If you don't have an adjustment brush in ACR you may need to create two images, one at the normal exposure, one at +1ev and then use layers to blend them together.
Cheers, Steve
Cap
2nd October 2010, 07:11 AM
Cant answer your question D3, but sweet looking photo you have there :cool:
WhiteD3
2nd October 2010, 07:34 AM
Better rephrase the question: What does the iridescent blue/purple represent? This only appears in Camera Raw and once I open the image in PSE all is good.
300+
2nd October 2010, 09:14 AM
The blue colour is pixels which will clip AT THE CURRENTLY SELECTED EXPOSURE. Red ones are the equivalent for highlights. Perhaps a better way to explain it is raw images contain 12-14 bits. Jpegs are 8. So to take your image from raw to jpeg you need to lose some info. With the conversion you are looking at the default exposure settings say that the blue pixel information will be lost and they will be black.
Move the exposure slider to the right and you will see fewer blue ones, move it left and you get more.
There is 4-5 stops of adjustment in a raw image. So you could take this shot as it is and adjust the whole thing to be +2ev on the exposure slider and it would not look too terrible. Try this on a jpeg and it would be a disaster. This is why you shoot in RAW.

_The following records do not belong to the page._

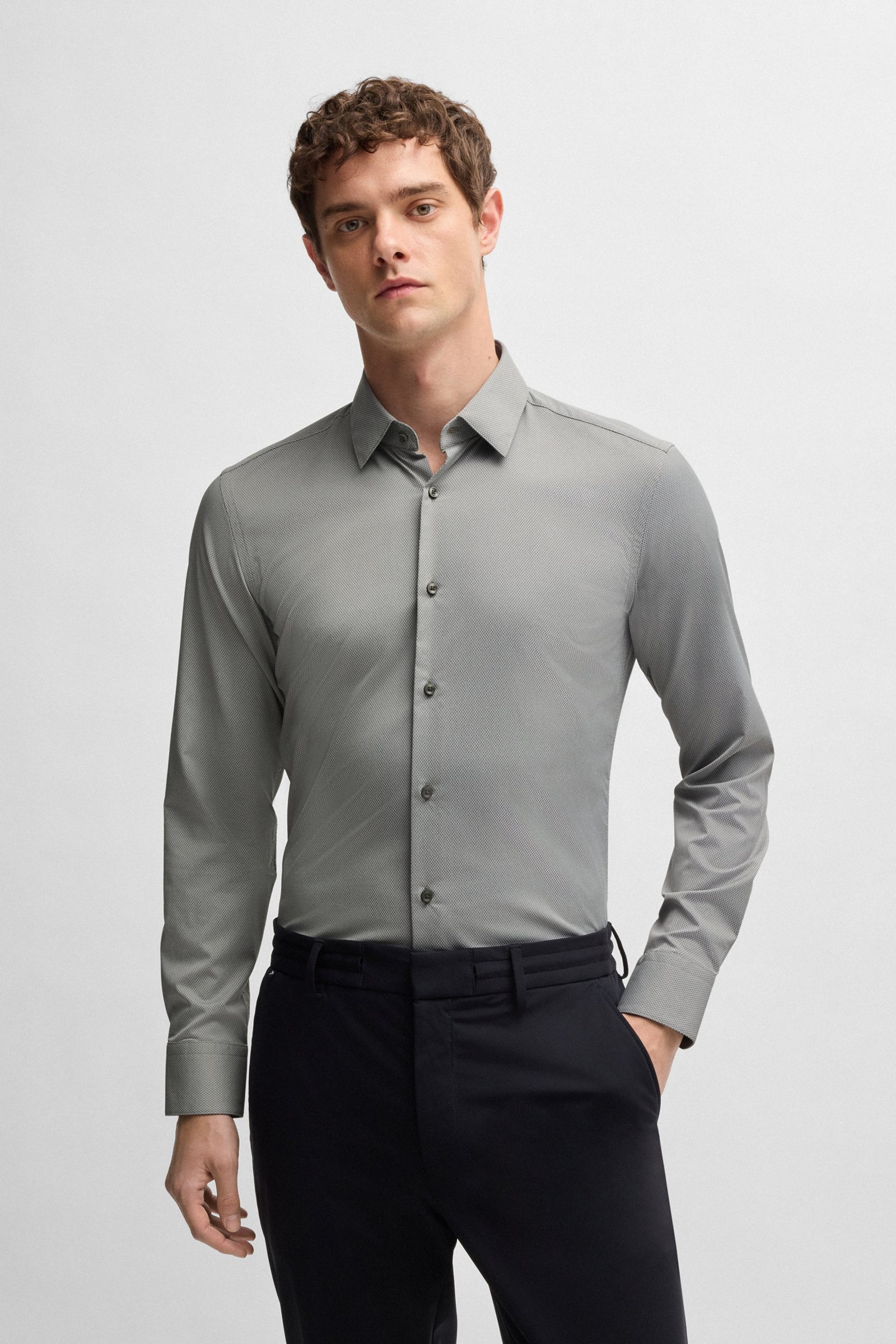 Camicia in microfibra slim 50539403 10270763 01 404 BOSS Dark blue 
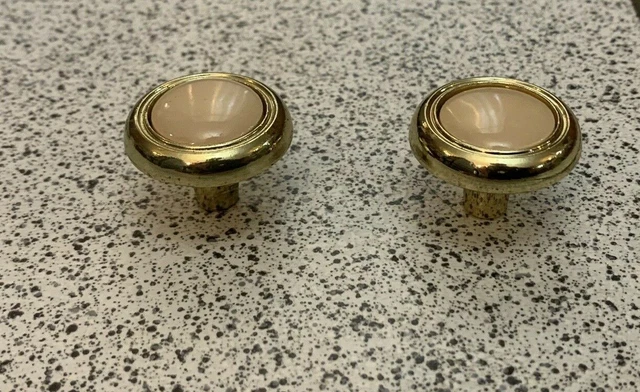 2 Knobs Beige Ceramic Brass Round Pulls Cabinet Drawer Heavy Mid Century Vintage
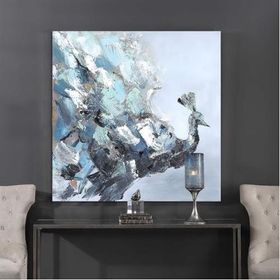 Tablolife Soyut Tavus Kuşu 80x80 cm Yağlı Boya Dokulu Tablo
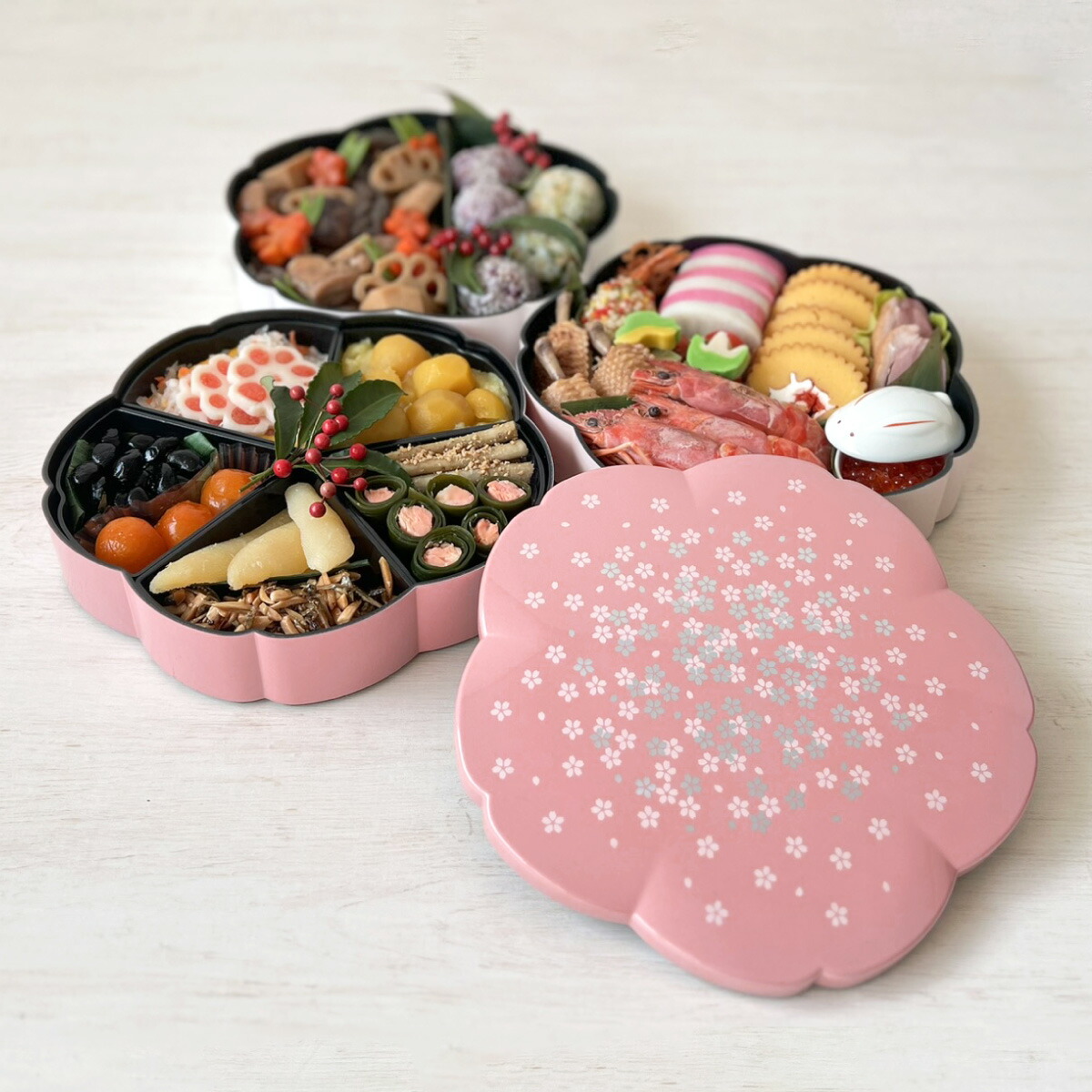 楽天市場】初桜 3段 重箱 7.5寸 ※ 中子 ( 仕切り ) 10個付き 三段 1段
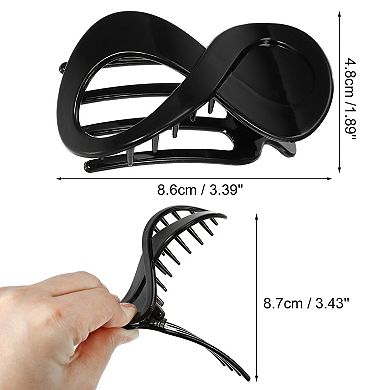 2pcs Plastic Hair Claws Hair Clips For Women 3.39"x1.89"x0.91"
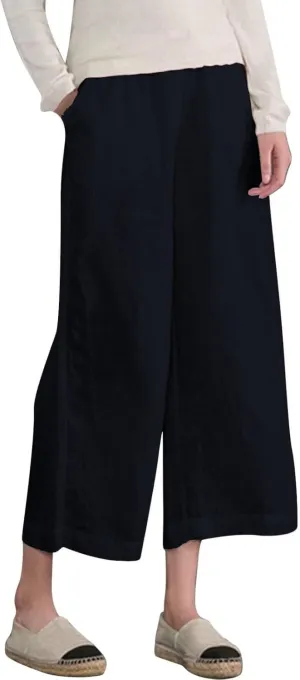 ADHOWBEW Linen Capri Pants for Women Lounge Flowy Wide Leg Summer High Waist Trendy Dressy Comfy Casual Slacks with Pockets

For this shot in particular there are a lot of dark pixels you probably want. So you can adjust the exposure, shadows, curves, etc. to keep them and discard some elswhere from the midrange or highlights to get the jpeg.
The cool thing about tools like ACR is that the exposure range doesn't have to be linear. In your shot you may want to recover 30% of the shadow pixels, but this does not mean that you need to bump 30% from the highlights out of the picture. You can compress the tonal range and appear to keep more brightness levels than an 8 bit jpeg will allow. In effect this is small scale HDR.
Have you tried exporting a single raw file to photomatix? it takes an exposure of -2, 0 and +2 from the same raw file to make the HDR.